The satellite phone vibrated soundlessly. Mark put the earbud in and tapped it twice. “Yeah, talk to me.”

Mike’s voice was calm. “Thank God you were able to get a shot of the leader before he put the ski mask on. He’s been identified as Pierre Hamidou, third-generation Algerian. Mentally unstable. He joined the police force in 2013 but proved too unstable and he was forced out. But evidently, he recruited some men. Four of the men are either current police officers or were in the police force. Bad business.”

“Yeah.” Mark thought through the consequences. “We don’t know how high up this goes. Tell our contact at the DGSE not to share with any of the police authorities.”

“Hard. But agreed.”

“Mike…” Mark hesitated. This was unusual. He never hesitated when he spoke. But this was important.

Silence. Mike was waiting.

“I’m with a civilian here. She must be kept safe. I don’t want her caught in the cross fire.”

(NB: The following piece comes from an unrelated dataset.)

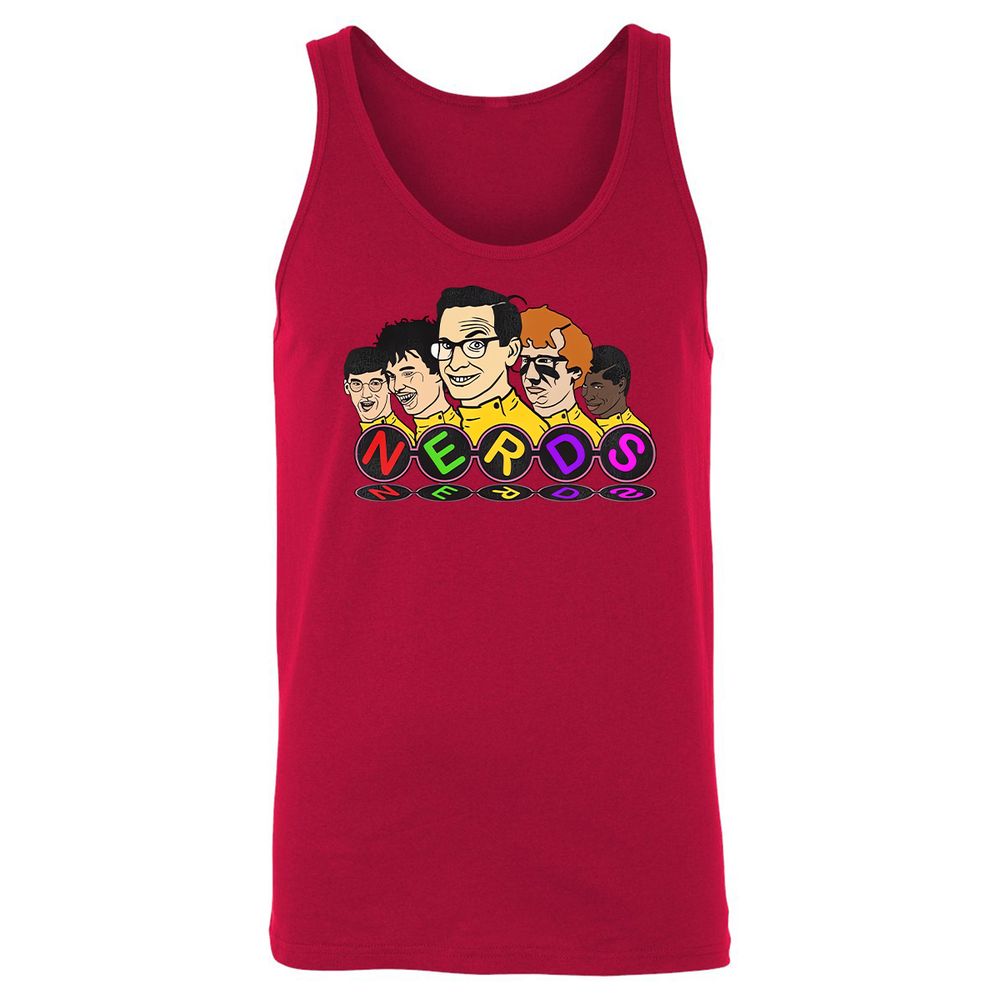 Unisex Jersey Tank - GVYHW7TF - Red - 11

This was the first time—whether in the military or in his eight years running his company—that he’d had any consideration beyond the mission. Whatever Mike thought, Mark was deadly serious. He was not doing anything to endanger Harper.

“Roger that,” Mike said.

“Your word.”

“My word.”

That was good enough for Mark.

“So. Is there a plan?”

“We’re still working on one.”

“Because I have one.”

“I’m not surprised. Talk.”

“The Dubrovka Theater scenario. Modified so it doesn’t kill hostages.”

Silence.

“And I need to be armed. I could grab one of the attackers and get his weapon but the leader, this Pierre Hamidou, keeps checking in with his men. I could make it look like an accidental death but nothing would explain away a lost weapon. They’d tear down the building looking for it and someone sooner or later will think of the hollow walls, which is where we’re holed up right now.”

“I’ll talk with our guy at the DGSE,” Mike said. “He’ll be in touch soon.”

“Roger that,” Mark said and disconnected.

“The Dubrovka Theater scenario?” Harper asked.

Harper was smart but she was a civilian. She was nearly overwhelmed as it was—trapped behind walls, with murderous terrorists just feet away. A thousand ways to die. Mark didn’t want to flood her with data on something that might not be viable. He hugged her closer, putting his mouth close to her ear again.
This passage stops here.